_ACTION ITEM_:
Retype, word for word, every line from the one holding "A5700 Scuola di" through the one holding "Cojín Lumbar Bandera" in the entries below, both included, and only those lines.

(Records from a data collection)

▽

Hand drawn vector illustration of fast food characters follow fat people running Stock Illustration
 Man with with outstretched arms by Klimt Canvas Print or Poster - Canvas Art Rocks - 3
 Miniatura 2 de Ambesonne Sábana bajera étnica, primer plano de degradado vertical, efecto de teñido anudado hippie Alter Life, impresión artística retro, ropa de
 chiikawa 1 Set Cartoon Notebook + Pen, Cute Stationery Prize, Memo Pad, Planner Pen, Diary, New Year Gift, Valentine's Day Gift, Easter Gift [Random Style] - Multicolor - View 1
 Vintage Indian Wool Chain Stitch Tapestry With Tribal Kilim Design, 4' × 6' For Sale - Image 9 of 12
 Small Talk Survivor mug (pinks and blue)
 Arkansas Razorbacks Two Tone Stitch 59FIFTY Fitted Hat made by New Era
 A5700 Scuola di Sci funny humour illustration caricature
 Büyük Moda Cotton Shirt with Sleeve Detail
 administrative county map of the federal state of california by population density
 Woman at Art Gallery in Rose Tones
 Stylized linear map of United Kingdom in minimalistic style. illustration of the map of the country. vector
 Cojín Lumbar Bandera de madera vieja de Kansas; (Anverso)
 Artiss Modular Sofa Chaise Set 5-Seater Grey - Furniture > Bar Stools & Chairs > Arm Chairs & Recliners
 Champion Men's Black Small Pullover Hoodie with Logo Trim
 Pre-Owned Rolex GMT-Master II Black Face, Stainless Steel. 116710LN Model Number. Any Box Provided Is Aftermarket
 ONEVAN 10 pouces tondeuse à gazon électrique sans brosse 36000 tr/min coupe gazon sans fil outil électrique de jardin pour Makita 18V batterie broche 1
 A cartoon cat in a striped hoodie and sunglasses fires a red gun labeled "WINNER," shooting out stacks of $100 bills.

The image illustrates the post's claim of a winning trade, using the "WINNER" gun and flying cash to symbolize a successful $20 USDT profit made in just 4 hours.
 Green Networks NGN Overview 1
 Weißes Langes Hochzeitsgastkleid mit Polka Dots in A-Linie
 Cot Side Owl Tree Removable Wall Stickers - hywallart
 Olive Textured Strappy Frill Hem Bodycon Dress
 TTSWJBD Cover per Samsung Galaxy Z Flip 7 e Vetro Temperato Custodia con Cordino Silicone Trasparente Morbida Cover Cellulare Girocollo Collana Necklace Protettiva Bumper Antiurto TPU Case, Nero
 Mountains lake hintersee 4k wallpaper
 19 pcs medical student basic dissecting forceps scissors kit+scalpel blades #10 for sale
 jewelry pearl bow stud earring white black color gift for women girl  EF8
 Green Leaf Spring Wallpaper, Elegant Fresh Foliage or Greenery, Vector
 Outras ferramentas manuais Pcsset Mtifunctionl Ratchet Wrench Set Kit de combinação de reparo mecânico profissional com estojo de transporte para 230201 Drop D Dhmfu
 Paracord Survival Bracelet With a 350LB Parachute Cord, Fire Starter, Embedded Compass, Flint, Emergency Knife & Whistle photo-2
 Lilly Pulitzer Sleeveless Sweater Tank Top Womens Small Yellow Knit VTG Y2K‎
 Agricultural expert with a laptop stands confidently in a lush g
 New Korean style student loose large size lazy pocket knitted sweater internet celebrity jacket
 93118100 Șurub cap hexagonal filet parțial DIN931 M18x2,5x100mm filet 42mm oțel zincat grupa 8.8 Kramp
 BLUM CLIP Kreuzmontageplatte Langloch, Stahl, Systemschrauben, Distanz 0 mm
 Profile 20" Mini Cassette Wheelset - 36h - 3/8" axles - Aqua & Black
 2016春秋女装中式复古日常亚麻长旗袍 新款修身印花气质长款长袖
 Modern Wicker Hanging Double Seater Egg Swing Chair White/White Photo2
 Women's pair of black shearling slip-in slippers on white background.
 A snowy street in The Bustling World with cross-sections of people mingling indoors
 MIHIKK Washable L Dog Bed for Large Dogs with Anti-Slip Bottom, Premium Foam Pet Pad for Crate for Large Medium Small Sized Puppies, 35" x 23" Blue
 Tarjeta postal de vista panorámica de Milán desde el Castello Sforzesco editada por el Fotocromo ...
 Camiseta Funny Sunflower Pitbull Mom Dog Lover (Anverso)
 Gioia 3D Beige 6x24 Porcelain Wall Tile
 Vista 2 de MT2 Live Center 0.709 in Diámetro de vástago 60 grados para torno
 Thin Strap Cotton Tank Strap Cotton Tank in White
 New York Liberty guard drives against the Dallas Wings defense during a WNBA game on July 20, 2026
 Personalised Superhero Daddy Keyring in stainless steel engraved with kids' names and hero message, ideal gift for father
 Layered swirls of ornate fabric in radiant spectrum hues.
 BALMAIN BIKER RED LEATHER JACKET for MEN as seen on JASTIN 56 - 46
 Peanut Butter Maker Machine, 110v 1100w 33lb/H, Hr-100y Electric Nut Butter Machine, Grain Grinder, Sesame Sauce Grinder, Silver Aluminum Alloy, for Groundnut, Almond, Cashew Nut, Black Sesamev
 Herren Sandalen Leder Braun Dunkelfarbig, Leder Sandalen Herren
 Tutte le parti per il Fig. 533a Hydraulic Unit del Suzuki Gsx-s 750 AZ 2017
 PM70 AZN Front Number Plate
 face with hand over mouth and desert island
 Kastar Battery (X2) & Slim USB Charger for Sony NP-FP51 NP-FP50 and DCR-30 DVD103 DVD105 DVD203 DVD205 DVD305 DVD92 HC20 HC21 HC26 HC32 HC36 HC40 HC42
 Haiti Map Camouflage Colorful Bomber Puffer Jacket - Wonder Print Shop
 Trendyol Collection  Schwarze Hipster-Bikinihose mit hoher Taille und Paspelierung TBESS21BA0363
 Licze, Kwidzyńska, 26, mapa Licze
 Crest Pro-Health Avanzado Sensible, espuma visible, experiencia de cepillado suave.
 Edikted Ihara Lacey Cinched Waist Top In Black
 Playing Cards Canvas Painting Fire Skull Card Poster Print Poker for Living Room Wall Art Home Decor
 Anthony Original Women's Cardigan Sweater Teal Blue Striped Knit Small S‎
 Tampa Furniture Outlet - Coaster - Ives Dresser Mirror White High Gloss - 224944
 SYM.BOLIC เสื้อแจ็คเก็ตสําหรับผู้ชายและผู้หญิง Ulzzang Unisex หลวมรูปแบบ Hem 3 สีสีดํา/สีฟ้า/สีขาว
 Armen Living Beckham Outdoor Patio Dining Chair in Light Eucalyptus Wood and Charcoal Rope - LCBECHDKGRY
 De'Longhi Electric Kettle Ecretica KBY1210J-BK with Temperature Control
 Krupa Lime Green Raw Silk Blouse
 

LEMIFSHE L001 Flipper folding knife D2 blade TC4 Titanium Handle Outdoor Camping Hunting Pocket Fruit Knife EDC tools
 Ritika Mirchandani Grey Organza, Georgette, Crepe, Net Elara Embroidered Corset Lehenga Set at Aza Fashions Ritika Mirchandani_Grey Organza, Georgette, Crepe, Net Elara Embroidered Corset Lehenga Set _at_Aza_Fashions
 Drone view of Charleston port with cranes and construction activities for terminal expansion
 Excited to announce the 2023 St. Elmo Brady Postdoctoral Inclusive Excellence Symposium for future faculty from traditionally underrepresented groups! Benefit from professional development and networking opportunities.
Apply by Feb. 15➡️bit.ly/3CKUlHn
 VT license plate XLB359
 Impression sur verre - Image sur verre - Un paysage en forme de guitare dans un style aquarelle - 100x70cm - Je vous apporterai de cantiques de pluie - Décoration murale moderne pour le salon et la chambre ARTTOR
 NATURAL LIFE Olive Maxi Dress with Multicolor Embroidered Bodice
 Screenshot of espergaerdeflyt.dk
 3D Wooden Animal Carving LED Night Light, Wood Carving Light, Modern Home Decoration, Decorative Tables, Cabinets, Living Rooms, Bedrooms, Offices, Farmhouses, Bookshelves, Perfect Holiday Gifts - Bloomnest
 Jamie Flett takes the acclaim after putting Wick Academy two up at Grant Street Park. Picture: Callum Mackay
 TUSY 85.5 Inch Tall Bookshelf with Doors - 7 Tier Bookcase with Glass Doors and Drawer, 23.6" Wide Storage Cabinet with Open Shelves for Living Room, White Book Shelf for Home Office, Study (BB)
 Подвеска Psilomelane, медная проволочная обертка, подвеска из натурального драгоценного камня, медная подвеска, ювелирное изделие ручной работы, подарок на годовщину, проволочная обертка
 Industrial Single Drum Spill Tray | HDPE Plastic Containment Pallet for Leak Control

△

_FINISHED TASK_:
 A5700 Scuola di Sci funny humour illustration caricature
 Büyük Moda Cotton Shirt with Sleeve Detail
 administrative county map of the federal state of california by population density
 Woman at Art Gallery in Rose Tones
 Stylized linear map of United Kingdom in minimalistic style. illustration of the map of the country. vector
 Cojín Lumbar Bandera de madera vieja de Kansas; (Anverso)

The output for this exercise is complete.